Exercise =>
Omit all images, then repeat exactly the lines below from the one containing "Chico's Floral Print" through the one containing "Relaxed fit t", both ends included.

====

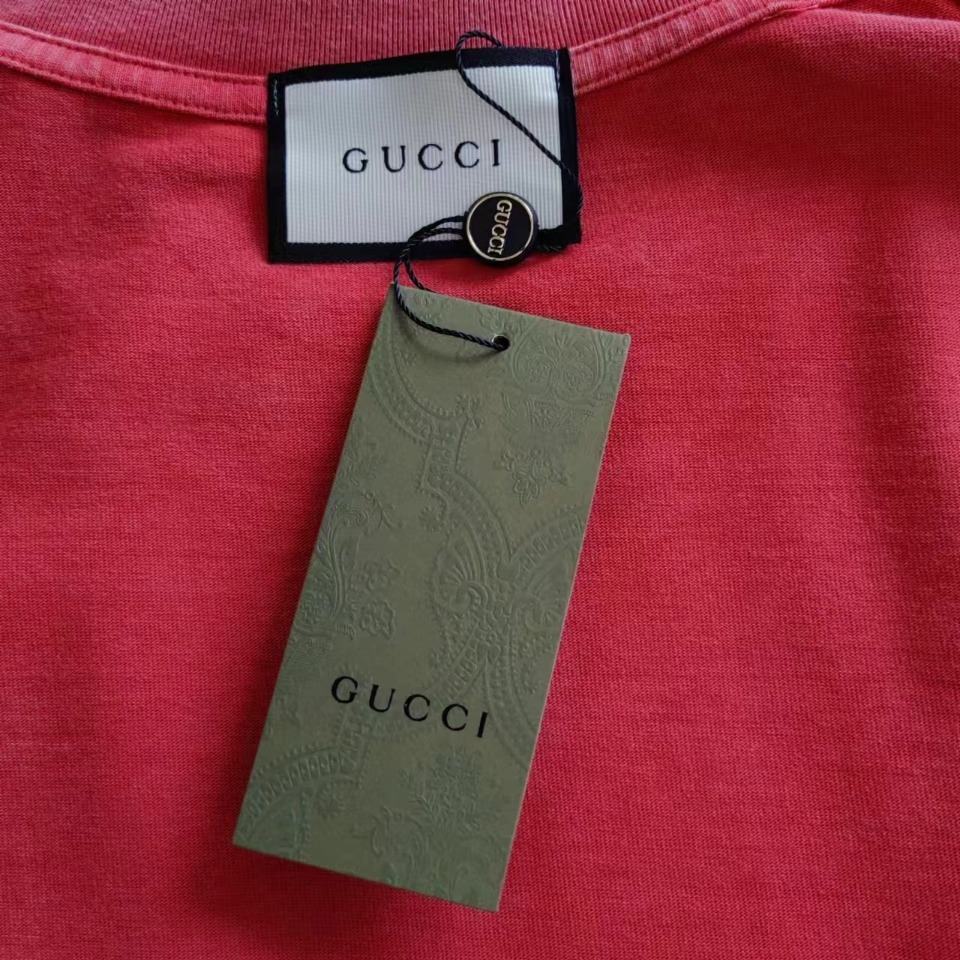 实拍细节图+细节图 Gucci/古驰 奇异果树logo树纹短袖T恤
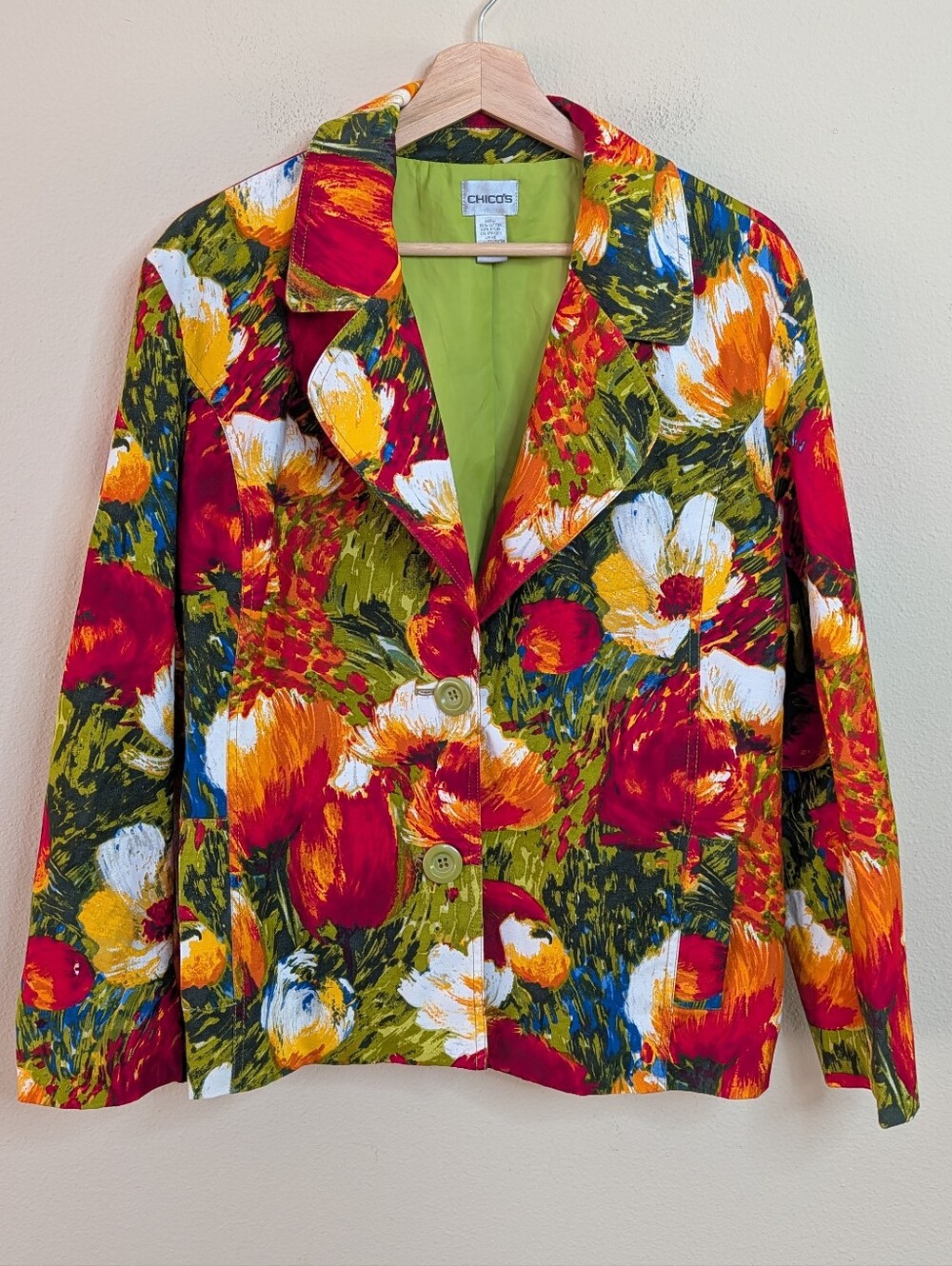 Chico's Floral Print Blazer Jacket Multicolor Size 3 (XL)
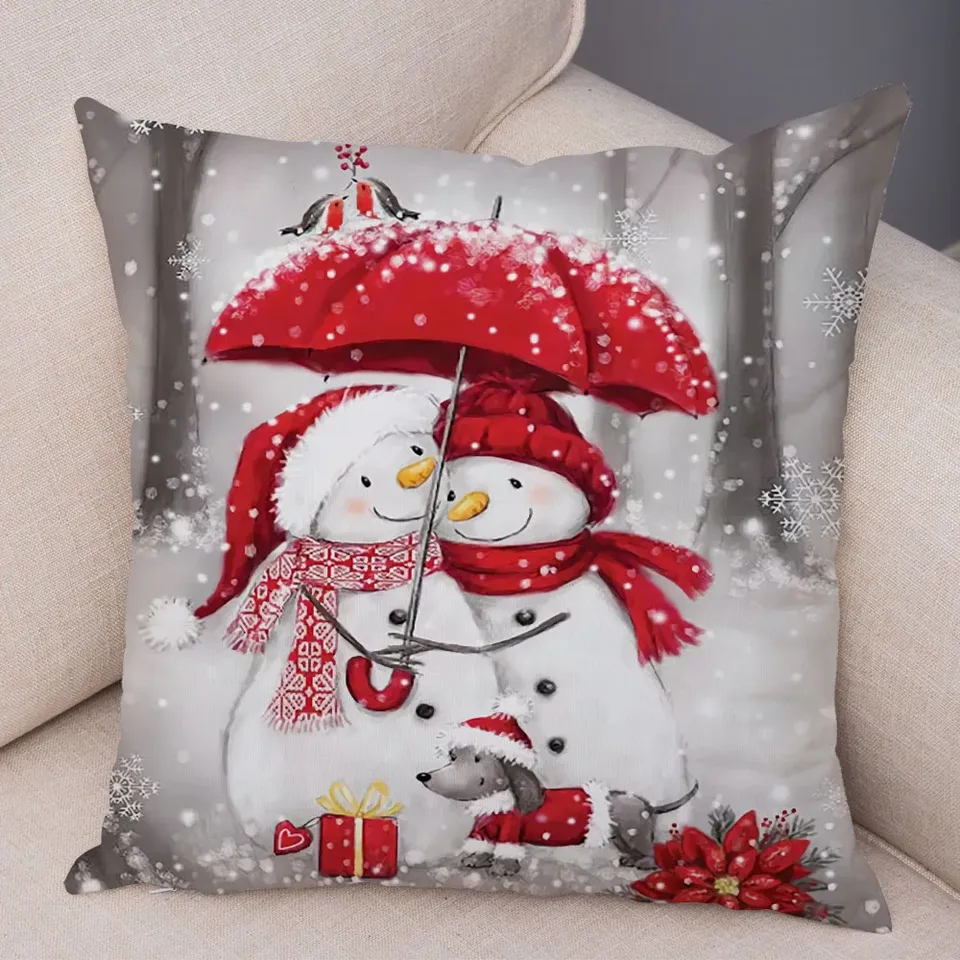 

Декоративная наволочка Cute Cartoon Snowman 45x45 см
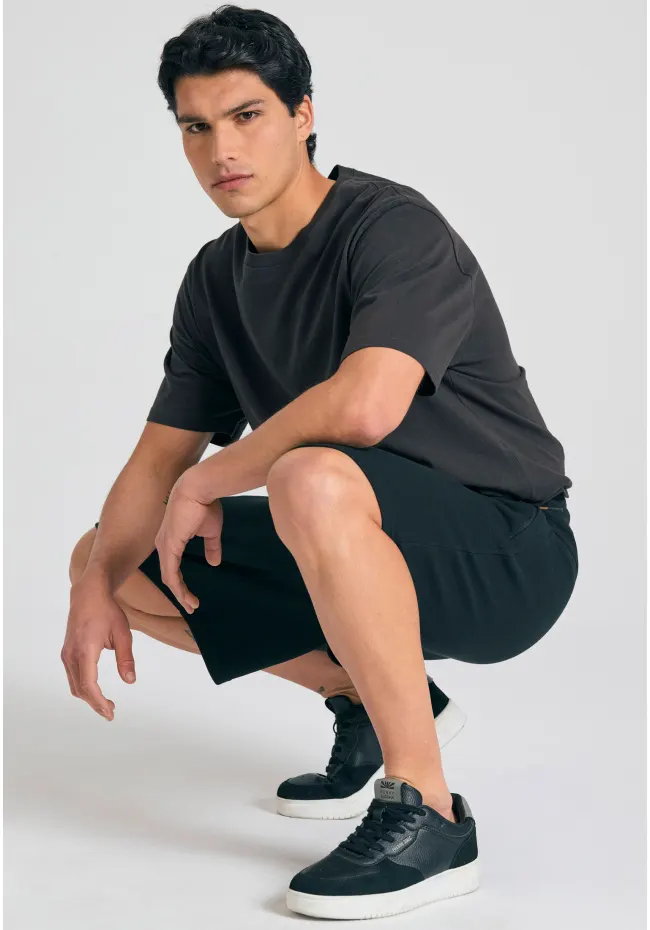 Relaxed fit t shirt με graphic τύπωμα στην πλάτη FBM011 316 04 Anthracite (4)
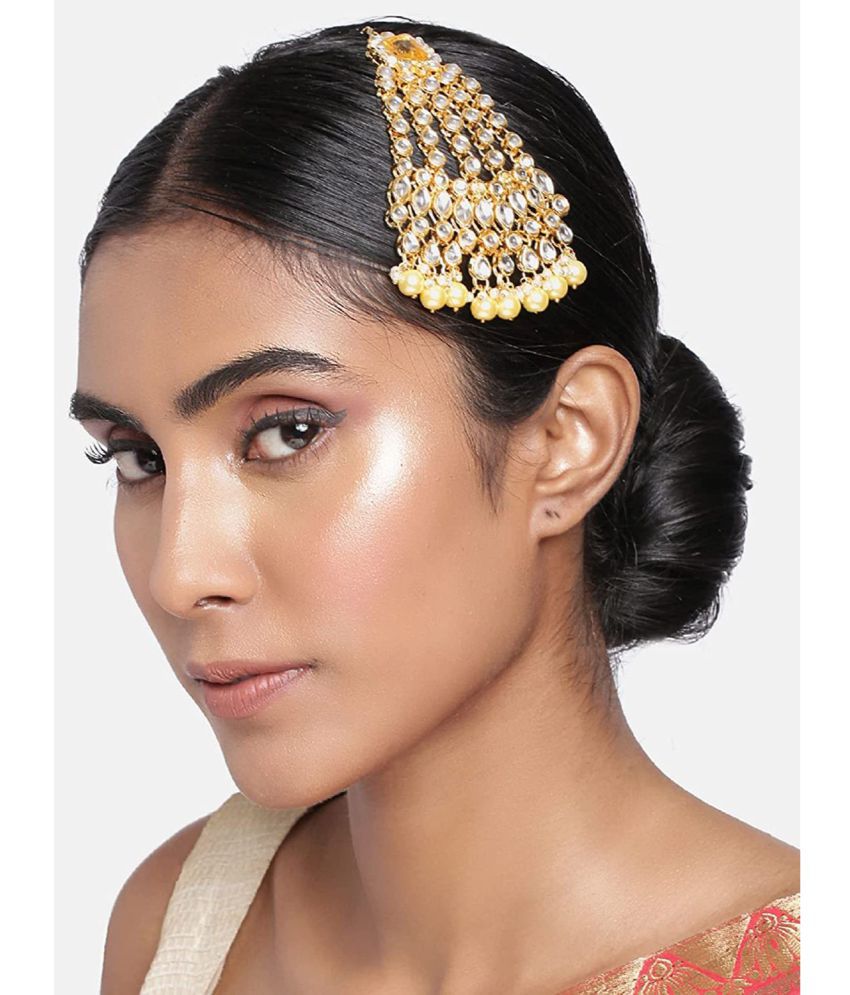     			I Jewels 18k Gold Plated Mughal Beautiful Long Pearl Kundan Jhumar Passa/Jhoomar Maang Tikka for Women (T2054FL)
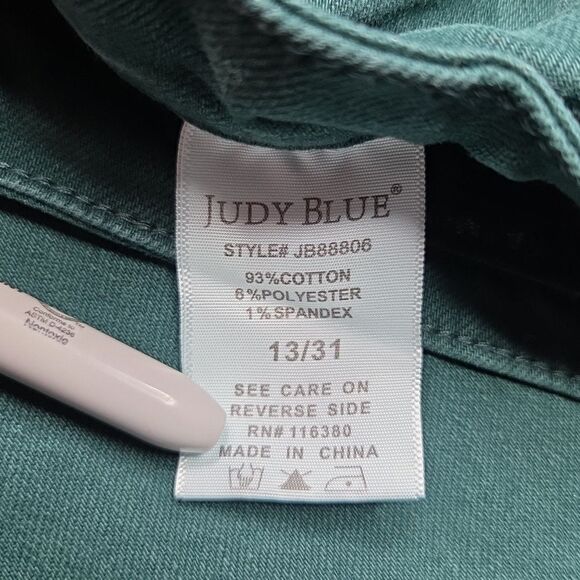 Judy Blue JB88806 Wide Leg Jeans Women's 13/31 Green Garment Dyed Cropped EUC - Picture 8 of 8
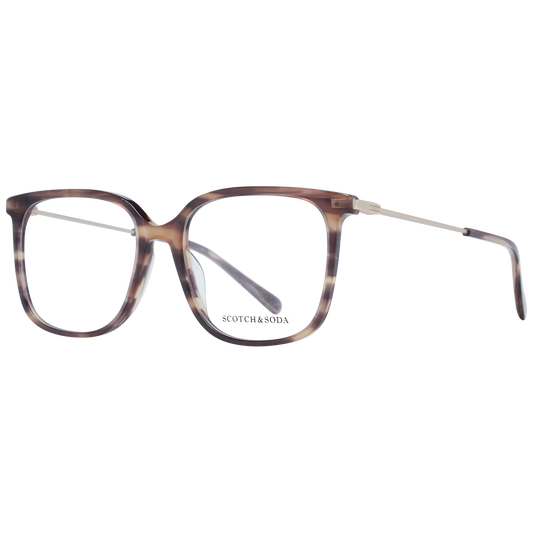 Scotch & Soda Chic Square Acetate Eyewear Frames in brown for women, stylish Italian-made eyewear offering comfort and durability.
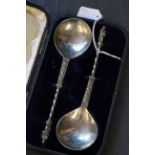 Large pair of cased Continental silver Apostle style spoons with London retailer to the box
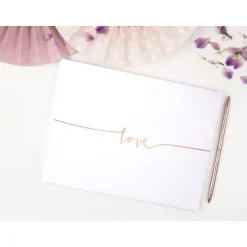 Livre D'Or Mariage Blanc Love Rose Gold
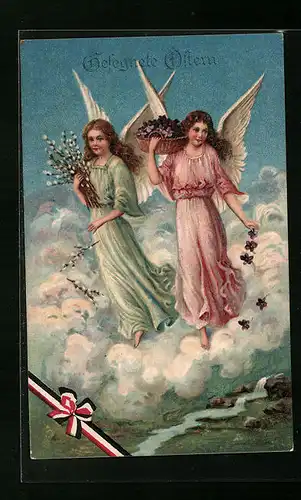 AK Osterengel lassen es Veilchen und Weidenkätzchen regnen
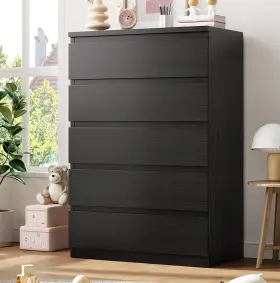 Bg-0604 Jocoevol Black 5 Drawer Dresser For Bedroom 15 D X 23.7 W 40.4 H In Simply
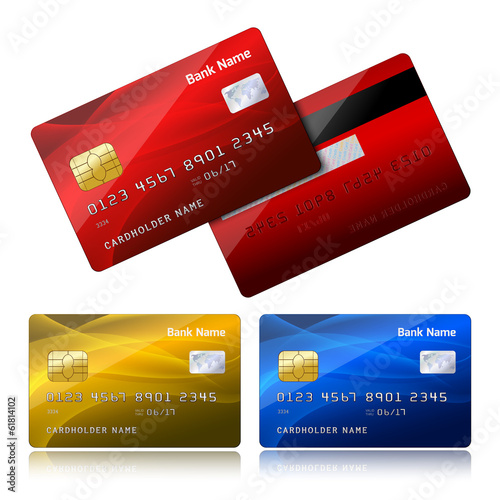 Realistic credit card with security chip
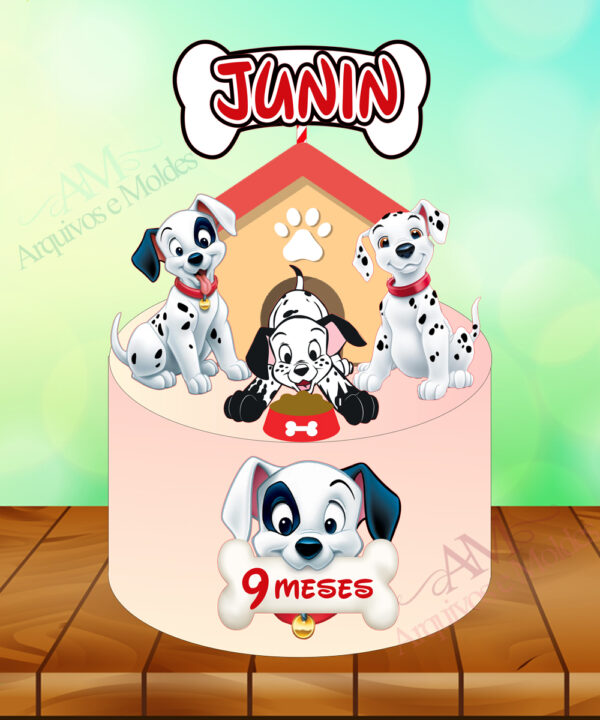 101 Dalmatas - Topo de Bolo Mod 01 - AeM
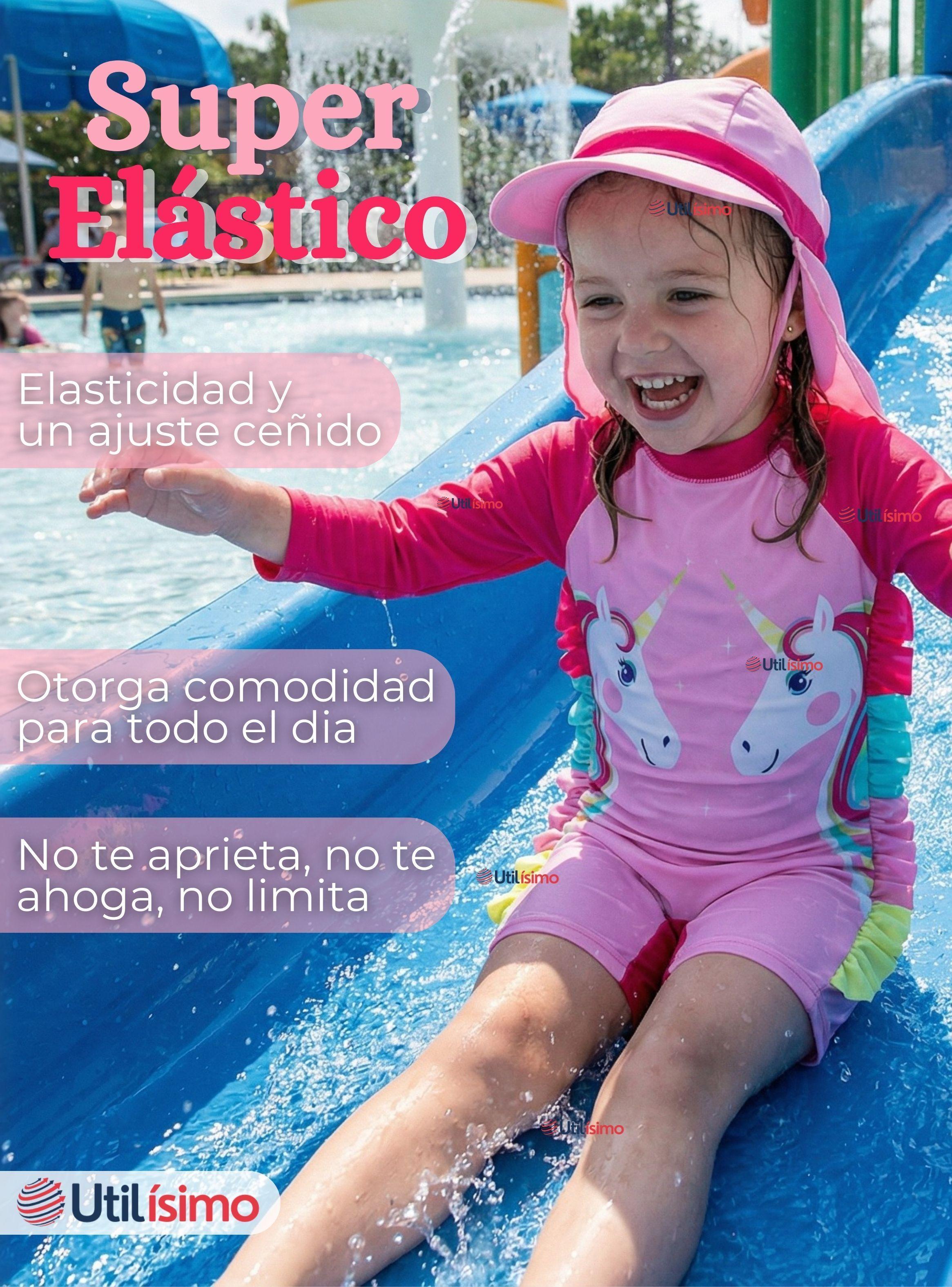 Traje de Baño Enterito Cremallera Manga Larga Con Gorro para Niñas de 1 a 5 años Pink Unicorn-7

====

Task response =>
 Chico's Floral Print Blazer Jacket Multicolor Size 3 (XL)

Декоративная наволочка Cute Cartoon Snowman 45x45 см
 Relaxed fit t shirt με graphic τύπωμα στην πλάτη FBM011 316 04 Anthracite (4)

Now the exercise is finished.